(Task requirements)
Take the lines in the listing below from the line with "Maths Sample Paper" up to and including the line with "新时期对高校图书馆服务于学生第二课堂的研究" and set them down exactly, skipping pictures and adding nothing.

──────── Extracted data ────────

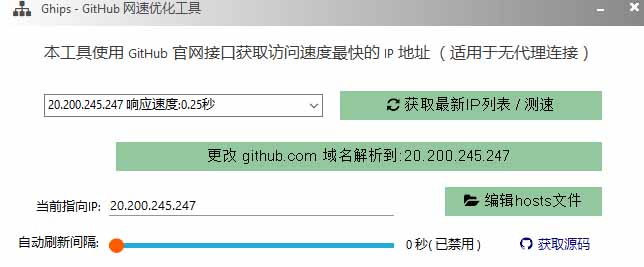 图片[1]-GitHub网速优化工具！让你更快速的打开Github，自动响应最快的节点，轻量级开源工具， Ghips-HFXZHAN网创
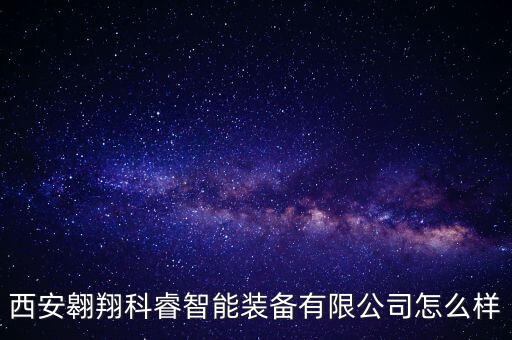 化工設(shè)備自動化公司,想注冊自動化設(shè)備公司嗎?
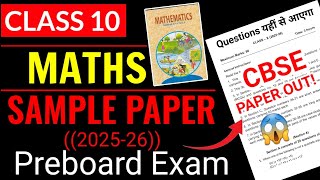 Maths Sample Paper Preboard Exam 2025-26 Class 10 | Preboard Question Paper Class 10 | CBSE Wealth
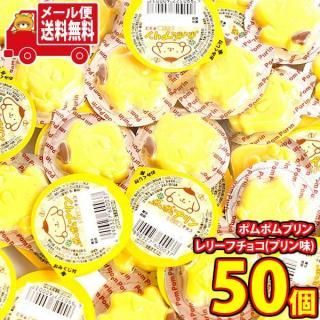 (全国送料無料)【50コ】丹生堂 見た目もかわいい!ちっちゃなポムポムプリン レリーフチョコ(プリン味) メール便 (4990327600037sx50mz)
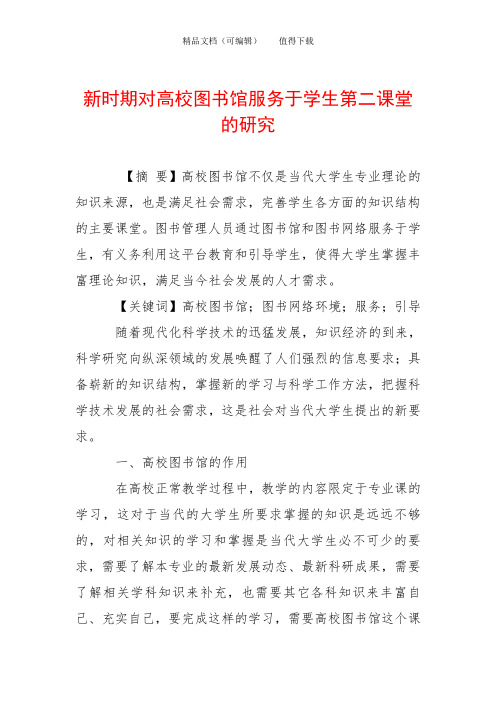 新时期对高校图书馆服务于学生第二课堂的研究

────────
──────── Extracted data ────────

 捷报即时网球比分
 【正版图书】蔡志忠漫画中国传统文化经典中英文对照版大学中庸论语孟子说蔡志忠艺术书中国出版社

────────
──────── Extracted data ────────

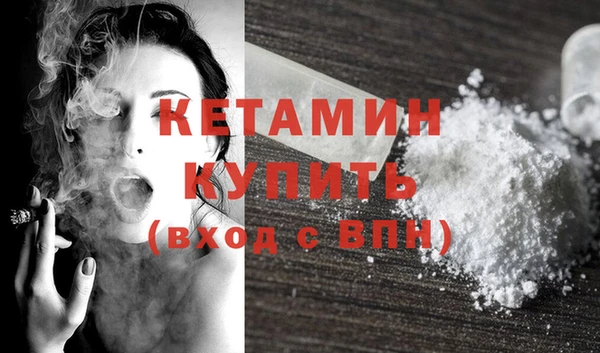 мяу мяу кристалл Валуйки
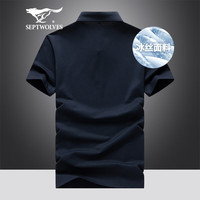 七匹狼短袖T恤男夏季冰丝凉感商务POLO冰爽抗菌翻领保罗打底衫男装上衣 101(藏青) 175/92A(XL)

────────

(Answer to the problem)
 Maths Sample Paper Preboard Exam 2025-26 Class 10 | Preboard Question Paper Class 10 | CBSE Wealth
 (全国送料無料)【50コ】丹生堂 見た目もかわいい!ちっちゃなポムポムプリン レリーフチョコ(プリン味) メール便 (4990327600037sx50mz)
 新时期对高校图书馆服务于学生第二课堂的研究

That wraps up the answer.